Bag3 P209L myopathies and efficacy of blocking signaling pathways with the therapeutic peptide, MMI-0100

  • Ashley R. Hacker Indiana University School of Medicine
  • Jessica M. Berthiaume Department of Pathology & Laboratory Medicine, Center for Musculoskeletal Health
  • Monte S. Willis Department of Pathology & Laboratory Medicine, Center for Musculoskeletal Health

Abstract

Background and Hypothesis: The Bcl2-associated anthanogene (BAG) 3 protein is a member of the BAG family of cochaperones, which play a critical role in cellular processes, including protein degradation and turnover. Over 30 Bag3 mutations have been identified, including a Proline209Leucine (P209L) missense mutation which causes a severe childhood cardiomyopathy. The mechanism by which Bag3 mutations causes cardiomyopathy is currently unknown, but the p38/MAPK signaling cascade has been shown to be altered in our animal model that coexpresses the human Bag3 P209L gene. We hypothesized the cellpermeant peptide, MMI-0100, which is known to inhibit MAPK-activated protein kinase 2 (MK2) activity in the p38/MAPK signaling cascade, would alleviate or reduce cardiac dysfunction.

Experimental Design: Echocardiographic analysis of cardiac function of cardiac-specific Bag3 P209L transgenic (and wildtype littermate control) mice (20 – 22 months of age) was assessed by high-resolution ultrasound echocardiography (VisualSonics Vevo 2100, MS550D probe, cardiology package) to document the established disease-related cardiac dysfunction at baseline. Mice were then treated with 100µg/kg/day MMI-0100 nebulized daily for 30 days. Follow-up echocardiography was performed at 10, 20, and 30 days of MMI-0100 treatment. Echocardiographic analysis was performed to determine the systolic function (EF%, FS%), chamber dimensions, and wall thickness in systole and diastole using Vevo 2100 Workstation software package.

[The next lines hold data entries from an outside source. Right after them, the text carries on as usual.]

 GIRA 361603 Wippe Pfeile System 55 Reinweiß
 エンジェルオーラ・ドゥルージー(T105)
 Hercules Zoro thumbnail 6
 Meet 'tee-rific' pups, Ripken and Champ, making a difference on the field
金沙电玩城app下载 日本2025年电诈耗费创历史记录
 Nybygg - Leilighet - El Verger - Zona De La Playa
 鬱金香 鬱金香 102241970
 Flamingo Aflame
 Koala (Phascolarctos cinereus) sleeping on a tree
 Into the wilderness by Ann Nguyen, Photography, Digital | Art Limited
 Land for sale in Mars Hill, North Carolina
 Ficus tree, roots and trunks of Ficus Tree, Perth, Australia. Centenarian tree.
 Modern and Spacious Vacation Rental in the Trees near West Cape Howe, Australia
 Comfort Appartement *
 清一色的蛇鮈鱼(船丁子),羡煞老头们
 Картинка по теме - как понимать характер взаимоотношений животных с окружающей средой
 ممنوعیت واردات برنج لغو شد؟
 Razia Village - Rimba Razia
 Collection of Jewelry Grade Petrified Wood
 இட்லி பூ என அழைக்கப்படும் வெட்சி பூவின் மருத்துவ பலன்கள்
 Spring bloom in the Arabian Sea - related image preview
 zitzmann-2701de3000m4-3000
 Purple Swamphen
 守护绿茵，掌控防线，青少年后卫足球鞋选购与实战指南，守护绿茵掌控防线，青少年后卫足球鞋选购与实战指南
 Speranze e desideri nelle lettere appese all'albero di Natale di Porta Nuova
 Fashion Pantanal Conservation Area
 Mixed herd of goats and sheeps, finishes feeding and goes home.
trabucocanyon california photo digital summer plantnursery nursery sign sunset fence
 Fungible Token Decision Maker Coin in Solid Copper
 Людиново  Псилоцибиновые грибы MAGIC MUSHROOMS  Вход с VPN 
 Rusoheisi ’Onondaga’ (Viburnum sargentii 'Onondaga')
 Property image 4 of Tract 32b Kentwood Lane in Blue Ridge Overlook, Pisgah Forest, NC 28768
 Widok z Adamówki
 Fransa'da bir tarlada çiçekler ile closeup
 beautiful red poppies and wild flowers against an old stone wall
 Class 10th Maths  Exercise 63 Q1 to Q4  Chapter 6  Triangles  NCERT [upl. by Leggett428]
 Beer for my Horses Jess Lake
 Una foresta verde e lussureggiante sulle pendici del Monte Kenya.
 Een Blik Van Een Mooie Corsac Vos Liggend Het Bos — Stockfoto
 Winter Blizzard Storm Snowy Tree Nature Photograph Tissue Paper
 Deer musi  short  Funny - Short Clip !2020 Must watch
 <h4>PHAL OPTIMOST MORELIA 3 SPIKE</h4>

Results: Blinded analysis of echocardiographic data identified that Bag3 P209L Tg+ mice had a baseline cardiac dysfunction compared to wildtype controls at 20 months of age (WT= 76% EF, 44% FS; Tg+= 66% EF, 36% FS). MMI-0100 treatment significantly attenuated this dysfunction by 20 days of MMI-0100 treatment (WT= 79% EF, 47% FS; Tg+= 80% EF, 48% FS), consistent with demonstrating for the first time MK2’s role in mediating p38 signaling in the pathogenesis of Bag3 P209L cardiomyopathy.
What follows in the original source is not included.